Despite repeated calls and emails over a period of weeks, a spokesperson for Rad Power Bikes was unavailable as of press time. But Ed Benjamin sums up the company's approach this way:
"Rad Power is the master of consumer-direct internet advertising," Benjamin says. "Their customer base is younger and more comfortable making large-ticket purchases direct. D2C is a great model for them. The Amazon customer is buying to see if they like the category; the EBD (although it's becoming more of an electric bike emphasis) is selling into the broader community, and the IBD is selling to its traditional customer base."

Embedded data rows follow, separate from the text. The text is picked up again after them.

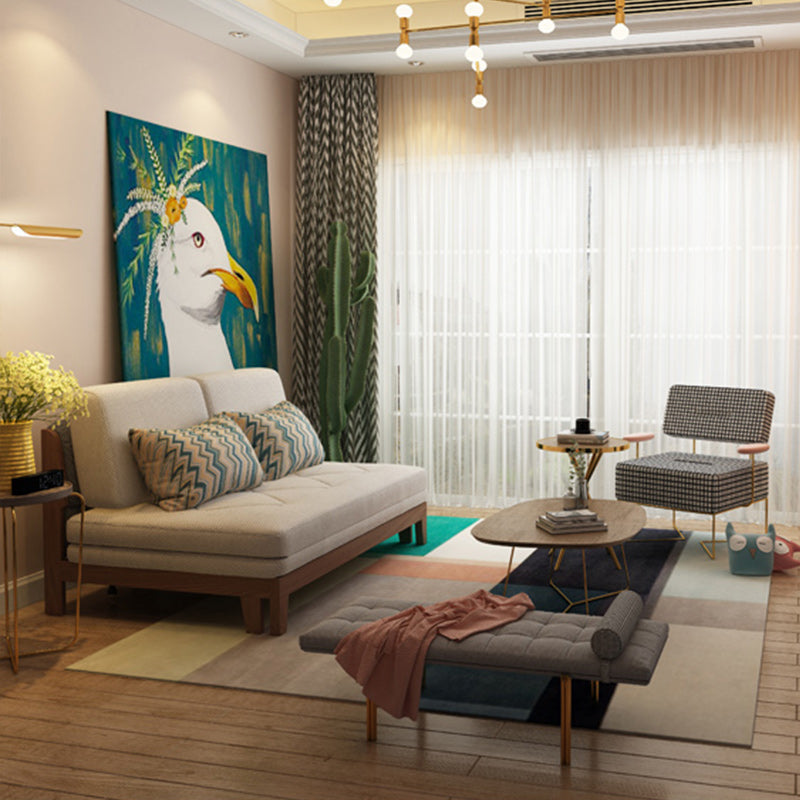 Living Room Convertible Sofas Pillow Back Armless Futon Sleeper Sofa Bed Clearhalo 'furn' 'furn_futons' 'Furniture' 'Futons & Daybeds' 'Futons' 'Living Room Furniture' 6920112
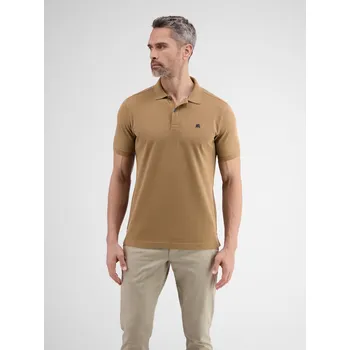 Pánské oblečení Pánské polo tričko LERROS 2473200 Barva: Hnědá (729), Velikost: XXXL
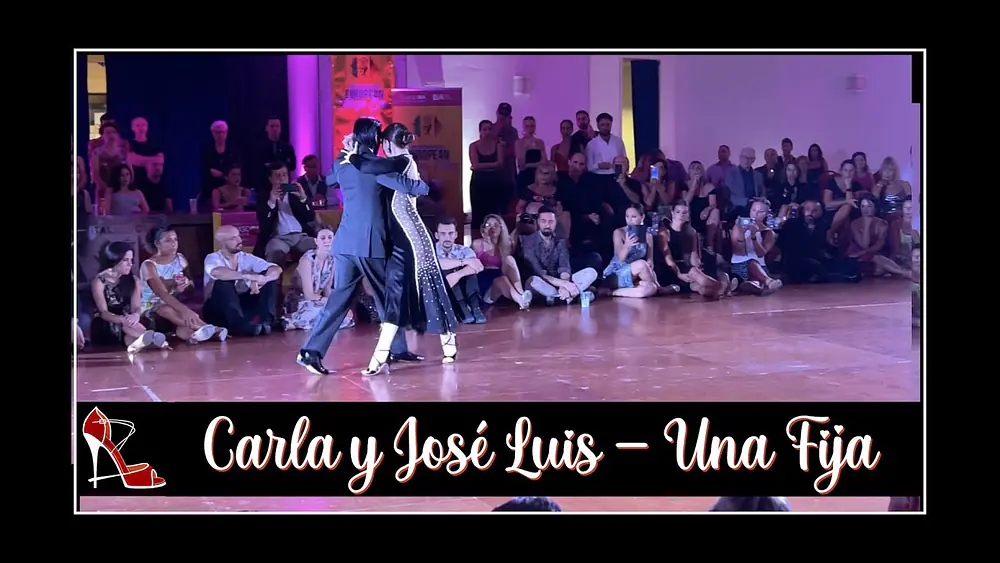 Video thumbnail for Carla Rossi y José Luis Salvo 1/4 - Una Fija (Glorias de Ayer) (Di Sarli) - European Tango Cup 2022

What's most interesting here is that we have five successful brands with a collectively dominant market share covering a myriad of price points, target audiences, and distribution strategies. This suggests less a group of direct competitors than a "brand ecology" of differentiated yet effective strategies, each suited to different audiences, channels, and price ranges.
If so, this e-bike "Quintumvirate" may end up being a more stable arrangement than the zero-sum, dog-eat-dog battle that currently characterizes the pedal-only market.
This brand ecology notion could work equally well in the pedal-only sphere, too. Perhaps one way out of our current battle among more or less identical brands and strategies would be for competitors to differentiate themselves by developing products suited to a broader range of cycling consumers and riding styles. And, along with a growing market for e-bikes and the current "bike boomlet," that could be a very healthy thing for brands, for retailers, and for the industry as a whole.